# RECORDS FOR THIS TASK
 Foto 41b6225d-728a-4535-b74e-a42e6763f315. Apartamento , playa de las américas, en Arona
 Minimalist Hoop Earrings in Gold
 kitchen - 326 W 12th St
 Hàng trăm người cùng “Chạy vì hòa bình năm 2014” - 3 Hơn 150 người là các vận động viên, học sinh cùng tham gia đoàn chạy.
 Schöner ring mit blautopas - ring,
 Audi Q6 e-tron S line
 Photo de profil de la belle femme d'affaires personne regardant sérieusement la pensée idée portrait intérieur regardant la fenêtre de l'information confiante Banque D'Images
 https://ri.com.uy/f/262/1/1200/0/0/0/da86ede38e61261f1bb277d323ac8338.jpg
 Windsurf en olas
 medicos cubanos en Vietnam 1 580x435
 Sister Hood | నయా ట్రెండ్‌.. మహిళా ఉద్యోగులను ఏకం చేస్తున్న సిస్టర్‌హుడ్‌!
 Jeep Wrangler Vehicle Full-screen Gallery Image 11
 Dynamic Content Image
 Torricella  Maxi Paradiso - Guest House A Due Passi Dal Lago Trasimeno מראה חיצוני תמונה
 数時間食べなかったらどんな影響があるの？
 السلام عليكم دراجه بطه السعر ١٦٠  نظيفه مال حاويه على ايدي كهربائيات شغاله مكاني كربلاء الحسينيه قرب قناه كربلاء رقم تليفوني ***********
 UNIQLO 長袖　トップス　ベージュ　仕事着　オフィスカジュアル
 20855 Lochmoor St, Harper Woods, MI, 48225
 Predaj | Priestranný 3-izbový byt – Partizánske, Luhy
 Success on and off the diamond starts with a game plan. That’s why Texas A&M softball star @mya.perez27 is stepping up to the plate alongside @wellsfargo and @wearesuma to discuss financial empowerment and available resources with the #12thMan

# TASK PROMPT
Everything from the first line above up to and including the line that contains "Audi Q6 e-tron S line" should be printed exactly; please print only that.

# RESPONSE AREA
 Foto 41b6225d-728a-4535-b74e-a42e6763f315. Apartamento , playa de las américas, en Arona
 Minimalist Hoop Earrings in Gold
 kitchen - 326 W 12th St
 Hàng trăm người cùng “Chạy vì hòa bình năm 2014” - 3 Hơn 150 người là các vận động viên, học sinh cùng tham gia đoàn chạy.
 Schöner ring mit blautopas - ring,
 Audi Q6 e-tron S line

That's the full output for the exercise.